Who is Otter.ai for?

  • Sales teams capturing call notes and syncing action items to Salesforce or HubSpot
  • Distributed teams that need a shared, searchable library of recorded meetings
  • Recruiters who want timestamped interview transcripts integrated with Greenhouse
  • Educators and journalists transcribing lectures and recorded interviews

Alternatives to Otter.ai

If Otter.ai isn't quite the right fit, the closest alternatives are fireflies-ai , cluely , and notion-ai . See our full Otter.ai alternatives page for side-by-side comparisons.

Frequently Asked Questions

What is Otter.ai?
Otter.ai is an AI meeting platform that automatically transcribes, summarizes, and extracts action items from your video calls and recorded audio. Its OtterPilot agent joins meetings on Zoom, Google Meet, and Microsoft Teams without any manual setup. The platform also includes Otter AI Chat, which lets you search and query across your full meeting history, and Channels, which organize recordings by team or project. Otter was founded in 2016, launched publicly in 2018, and is headquartered in Mountain View, California.
Is Otter.ai free?
Yes. Otter's Basic plan is free and includes 300 transcription minutes per month, live transcription, speaker identification, AI chat, and integrations with Zoom, Google Meet, and Microsoft Teams. The free plan supports workspaces of up to five members.
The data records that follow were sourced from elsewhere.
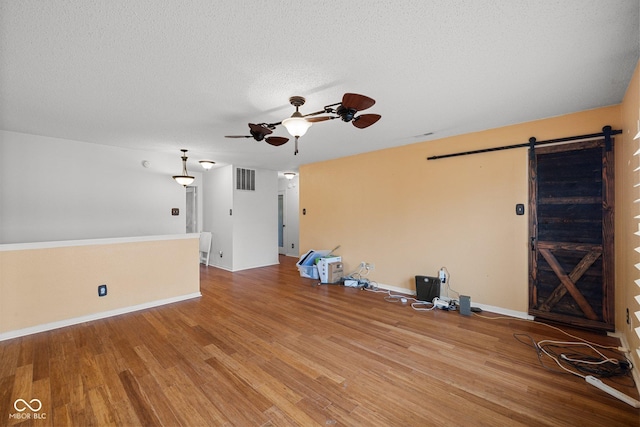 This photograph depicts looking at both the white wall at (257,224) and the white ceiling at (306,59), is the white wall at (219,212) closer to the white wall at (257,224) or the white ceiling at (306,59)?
the white wall at (257,224)

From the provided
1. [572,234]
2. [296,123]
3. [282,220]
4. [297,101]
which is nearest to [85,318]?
[296,123]

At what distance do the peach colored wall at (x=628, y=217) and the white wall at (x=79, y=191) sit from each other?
6.36m

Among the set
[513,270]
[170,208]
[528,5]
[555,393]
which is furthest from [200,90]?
[513,270]

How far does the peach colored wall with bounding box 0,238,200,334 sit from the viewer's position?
2.93 meters

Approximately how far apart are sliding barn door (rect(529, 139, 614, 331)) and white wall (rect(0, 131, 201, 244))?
6.09 meters

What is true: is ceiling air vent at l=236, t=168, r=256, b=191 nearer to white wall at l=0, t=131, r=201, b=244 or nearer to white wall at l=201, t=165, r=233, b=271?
white wall at l=201, t=165, r=233, b=271

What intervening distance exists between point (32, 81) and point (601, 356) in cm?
584

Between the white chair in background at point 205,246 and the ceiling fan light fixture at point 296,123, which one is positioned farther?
the white chair in background at point 205,246

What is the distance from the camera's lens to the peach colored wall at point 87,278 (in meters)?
2.93

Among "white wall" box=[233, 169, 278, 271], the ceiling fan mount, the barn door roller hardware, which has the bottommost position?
"white wall" box=[233, 169, 278, 271]

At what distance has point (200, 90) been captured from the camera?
2551 millimetres

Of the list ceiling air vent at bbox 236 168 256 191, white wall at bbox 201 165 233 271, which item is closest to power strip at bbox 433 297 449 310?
white wall at bbox 201 165 233 271

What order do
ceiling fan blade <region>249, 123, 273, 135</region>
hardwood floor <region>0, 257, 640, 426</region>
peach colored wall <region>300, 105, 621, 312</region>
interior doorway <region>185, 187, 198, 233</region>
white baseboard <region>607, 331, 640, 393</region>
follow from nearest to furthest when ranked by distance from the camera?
hardwood floor <region>0, 257, 640, 426</region> → white baseboard <region>607, 331, 640, 393</region> → ceiling fan blade <region>249, 123, 273, 135</region> → peach colored wall <region>300, 105, 621, 312</region> → interior doorway <region>185, 187, 198, 233</region>

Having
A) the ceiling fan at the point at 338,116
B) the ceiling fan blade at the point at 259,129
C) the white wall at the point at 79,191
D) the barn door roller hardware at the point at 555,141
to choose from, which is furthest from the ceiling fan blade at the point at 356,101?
the white wall at the point at 79,191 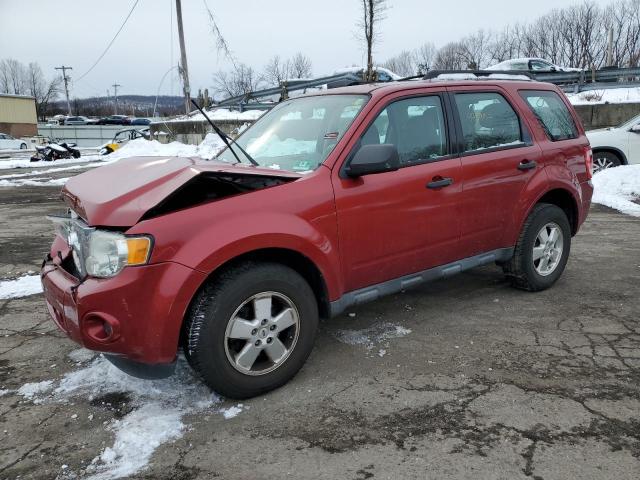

Paid plans start at $16.99 per user per month for Pro (billed monthly) and $30 per user per month for Business.
How does Otter compare to Fireflies?
Both tools transcribe meetings and generate AI summaries, but they diverge in emphasis. Otter has stronger consumer recognition and a more polished mobile experience. Fireflies tends to score better in third-party accuracy benchmarks, especially on accented speech, and its CRM integrations are more flexible out of the box. Otter's Channels and AI Chat feel more like a team knowledge base, while Fireflies leans harder into workflow automation and a searchable call library. For sales teams already deep in HubSpot or Salesforce, Fireflies often wins on integration depth. For teams that want a simple, reliable transcription tool with a solid free tier, Otter is a strong choice.
Can OtterPilot join meetings automatically?
Yes. OtterPilot connects to your Google Calendar or Outlook calendar and automatically joins scheduled Zoom, Google Meet, and Microsoft Teams meetings on your behalf. It shows up as a participant, records the audio, and begins transcribing in real time. You can configure it to join all meetings, specific meetings, or only those you accept. If you prefer not to have a visible bot in the call, the desktop app records locally through your microphone instead.
Is Otter accurate enough for legal or medical use?
Probably not without human review. Otter's accuracy is solid for clear English in standard meeting conditions, but it makes enough errors on proper nouns, technical jargon, overlapping speakers, and accented speech that you should not rely on an unreviewed Otter transcript as a legal or medical record. Enterprise plans include a HIPAA compliance add-on, which covers data handling obligations, but that does not mean the transcription itself is error-free. Treat Otter output as a working draft that needs a human eye before any high-stakes use.
Does Otter integrate with Slack or Notion?
Yes to both. Otter can send meeting summaries and action items to a Slack channel automatically after a call ends. The Notion integration lets you push transcripts or summaries into a Notion database or page. Otter also integrates with Salesforce, HubSpot, Asana, Jira, Google Drive, Dropbox, and Google Docs, plus a growing number of CRM and project management tools. Enterprise plans support custom API and webhook configurations for deeper integrations.